Ces victimes disent avoir été brutalisées et torturées, notamment selon une technique baptisée "Rambo" consistant à suspendre les détenus au plafond durant une douzaine d'heures avec des chaînes autour du cou, de la taille et des genoux.

Certaines affirment avoir eu des ongles arrachés, été brûlées au fer à repasser, avoir subi décharges électriques, injections de substances inconnues ou violences sexuelles, ou encore avoir vu des détenus avec des briques accrochées aux testicules.

"Ce qui se passe dans les maisons sécurisées n'est pas un film, c'est réel", a lancé mardi lors d'une conférence de presse organisée par HRW Hassan Mutyaba, homme d'affaires qui a été détenu huit mois dans un de ces sites.

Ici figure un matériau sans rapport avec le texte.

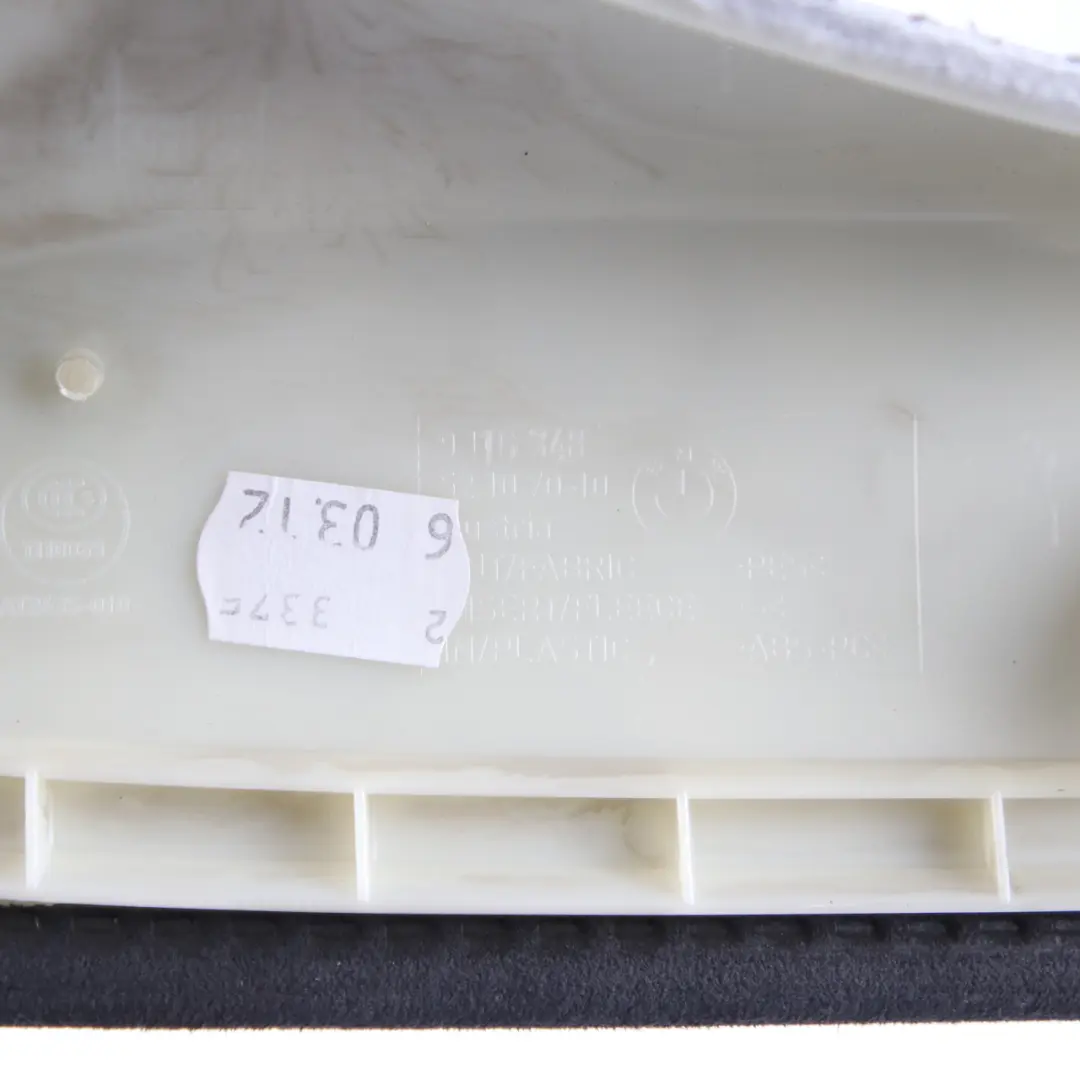 Pillar Cover Column Trim Panel Right O/S Alcantara 9116348 to BMW F10 A with Part number 8038118 BMW F10 A Pillar Cover Column Trim Panel Right O/S Alcantara 9116348 - SKU 8038118 - Part number 8038118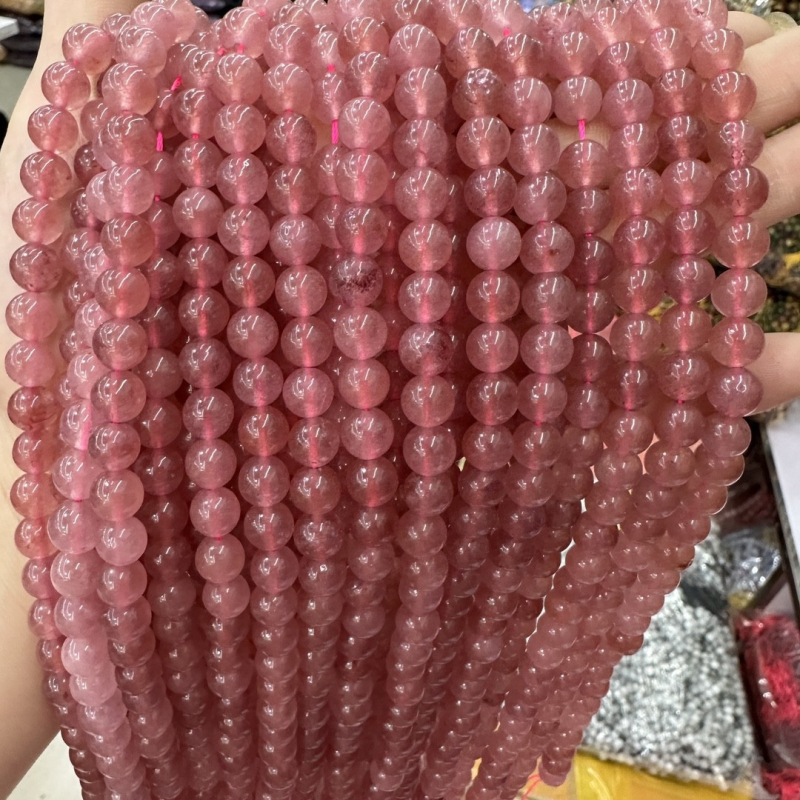 Mărgele din piatră naturală - formă rotundă, model geometric, tăiate și lustruite, stil modern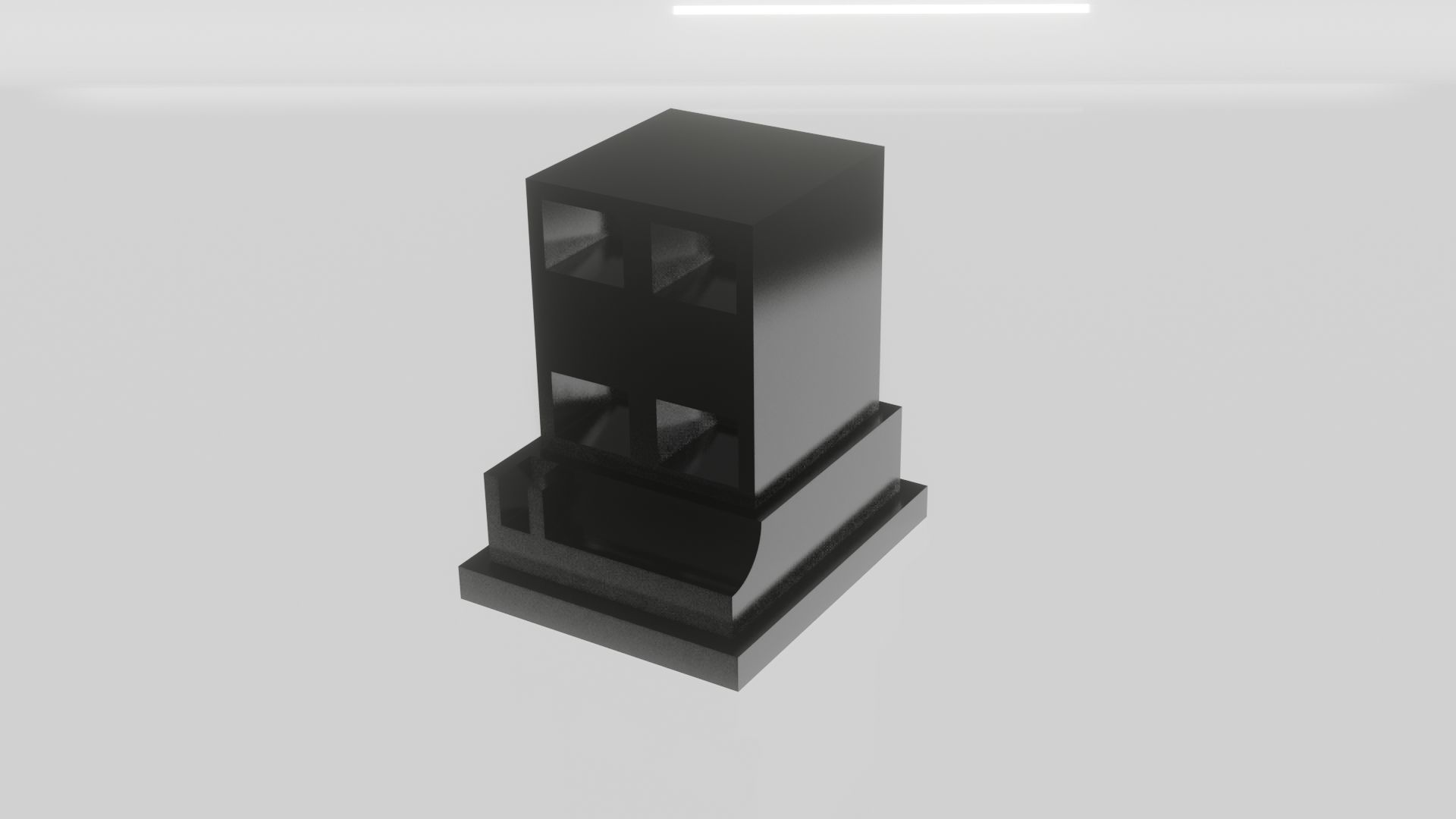 Connector 1 Way foot 3D model_1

"La plupart de mes collègues ont eu peur de venir" témoigner, a-t-il ajouté: "Allons-nous survivre ? Nous n'allons pas survivre.Aujourd'hui, je suis là mais je ne serai pas là demain parce que j'ai parlé".

- Impunité -

"Des mesures urgentes sont nécessaires pour aider les victimes, tenir pour responsables les agents de sécurité auteurs d'abus et mettre fin à ce spectre d'impunité et d'injustice", a déclaré Oryem Nyeko, chercheur sur l'Ouganda au sein de l'ONG.

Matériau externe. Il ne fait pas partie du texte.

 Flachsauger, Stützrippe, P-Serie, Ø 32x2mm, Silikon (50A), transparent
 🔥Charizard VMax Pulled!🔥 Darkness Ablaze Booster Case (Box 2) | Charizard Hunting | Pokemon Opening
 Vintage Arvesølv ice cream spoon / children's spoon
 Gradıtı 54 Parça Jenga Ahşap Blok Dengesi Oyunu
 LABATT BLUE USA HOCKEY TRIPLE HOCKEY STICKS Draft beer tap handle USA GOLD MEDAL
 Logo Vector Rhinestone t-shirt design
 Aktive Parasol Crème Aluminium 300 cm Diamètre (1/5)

Dans un rapport de février 2020, le comité des droits de l'homme du Parlement ougandais avait signalé des cas de détention illégale et torture dans des centres non officiels.Ses demandes d'investigation sont restées lettre morte, selon HRW.

Ces dernières années ont été marquées en Ouganda par une répression accrue contre les journalistes, des incarcérations d'avocats ou le musellement de dirigeants de l'opposition. 

Début février, l'écrivain et opposant Kakwenza Rukirabashaija a fui en Allemagne, expliquant devoir suivre des soins après avoir été torturé en détention.Il avait été arrêté fin décembre, puis inculpé de "communication offensante" envers le président Museveni et son fils pour une série de tweets. 

Le Trésor américain a sanctionné en décembre le patron des services de renseignement militaires, le général de division Abel Kandiho, pour son implication présumée et celle de ses services dans de graves violations des droits de l'homme, notamment des "passages à tabac", des "agressions sexuelles" et "électrocutions".

Le général Kandiho a été nommé en février à la tête de la police nationale par le président Museveni.